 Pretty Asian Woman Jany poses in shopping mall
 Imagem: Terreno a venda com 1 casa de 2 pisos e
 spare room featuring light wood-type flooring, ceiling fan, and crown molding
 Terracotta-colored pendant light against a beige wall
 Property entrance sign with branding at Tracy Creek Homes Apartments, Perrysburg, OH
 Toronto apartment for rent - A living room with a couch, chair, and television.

--

> **Exercise instructions**: Go through the data above and copy each line in which "light" appears.

> **Answer box**:
 spare room featuring light wood-type flooring, ceiling fan, and crown molding
 Terracotta-colored pendant light against a beige wall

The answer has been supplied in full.